3-PRISAS, JALEO, AGOBIO, GENTE, GENTE, MÁS GENTE...¡QUÉ BONITO!

       Una vez situada laboralmente, sólo me faltaba tener un alojamiento, porque mientras encontraba trabajo, iba y venía todos los días al pueblo, a casa de mis padres, pero eso no era plan, yo quería tener mi propia casa, poner las cosas a mi gusto y disfrutar de mi propio espacio, por eso pensé que lo mejor sería comprar un pisito, aunque no fuese muy grande, porque mi hucha estaba sin fondos, pero bueno, como todo el mundo tenía una hipoteca, yo no iba a ser menos, si ya hasta parece que hace mal efecto no deber dinero a ningún banco...
            ¡Angelito! ¡Qué inocente!
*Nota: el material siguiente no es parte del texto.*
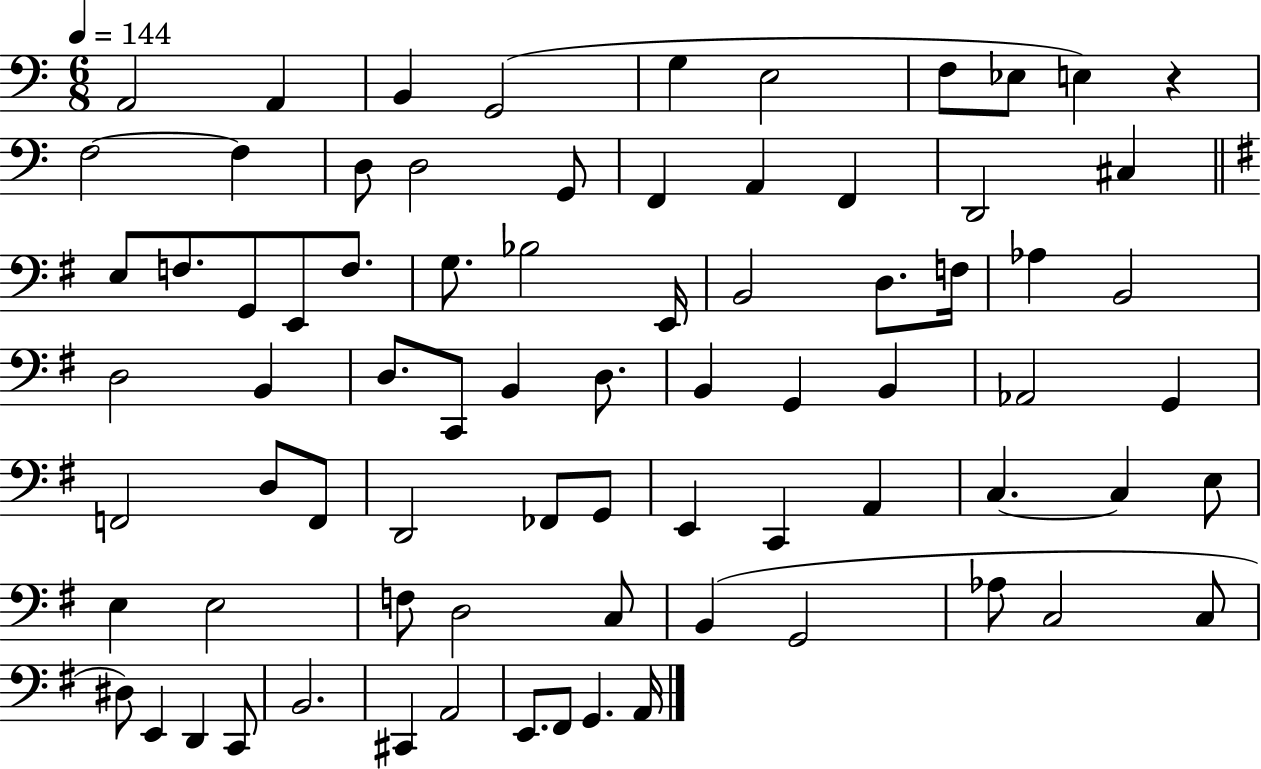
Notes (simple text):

A2/h A2/q B2/q G2/h G3/q E3/h F3/e Eb3/e E3/q R/q F3/h F3/q D3/e D3/h G2/e F2/q A2/q F2/q D2/h C#3/q E3/e F3/e. G2/e E2/e F3/e. G3/e. Bb3/h E2/s B2/h D3/e. F3/s Ab3/q B2/h D3/h B2/q D3/e. C2/e B2/q D3/e. B2/q G2/q B2/q Ab2/h G2/q F2/h D3/e F2/e D2/h FES2/e G2/e E2/q C2/q A2/q C3/q. C3/q E3/e E3/q E3/h F3/e D3/h C3/e B2/q G2/h Ab3/e C3/h C3/e D#3/e E2/q D2/q C2/e B2/h. C#2/q A2/h E2/e. F#2/e G2/q. A2/s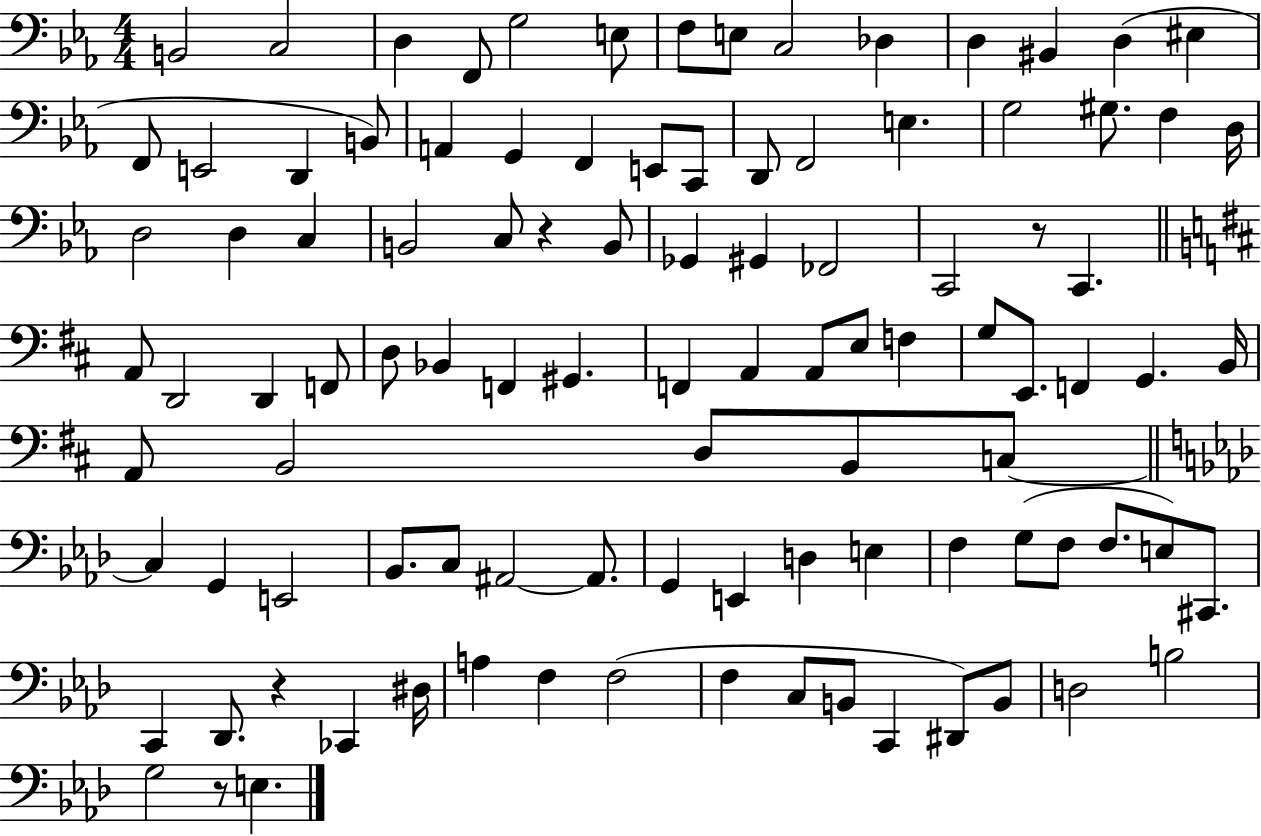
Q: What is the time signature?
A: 4/4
Esa fue mi mayor decepción, tenía la idea de que el que quiere comprarse algo y no tiene dinero, puede acudir a los bancos para que se lo presten, sólo hay que tener una nómina para poder hacer frente a la deuda.
            Eso era lo que yo pensaba, claro, “los bancos están para eso ¿no?” decía muy convencida. Pues no, claro que no, ahora sé que los bancos están para que tú pongas allí tu dinero y ellos puedan trabajar con él.
            Era la primera vez que me veía en el trance de tener que pedir dinero, y me sorprendió saber que para que te den un préstamo, antes hay que demostrar que tienes más de lo que pides. ¡Pero bueno!, si lo tuviese ¿para qué se lo iba a pedir a ellos? No lo entiendo, los bancos prestan dinero a los que no lo necesitan porque ya lo tienen, ¿es así? ¿Es eso? ¡Pues vaya un negocio! Así no se puede, porque a pesar de todo, y suponiendo que logres demostrar lo que te piden, o que consigas engañar a algún infeliz para que te avale (sabiendo que le esperan veinte años de insomnio por si tú no cumples y le toca cumplir a él), aún así, sólo se dignan a prestarte una parte de lo que ellos juzguen que vale el piso.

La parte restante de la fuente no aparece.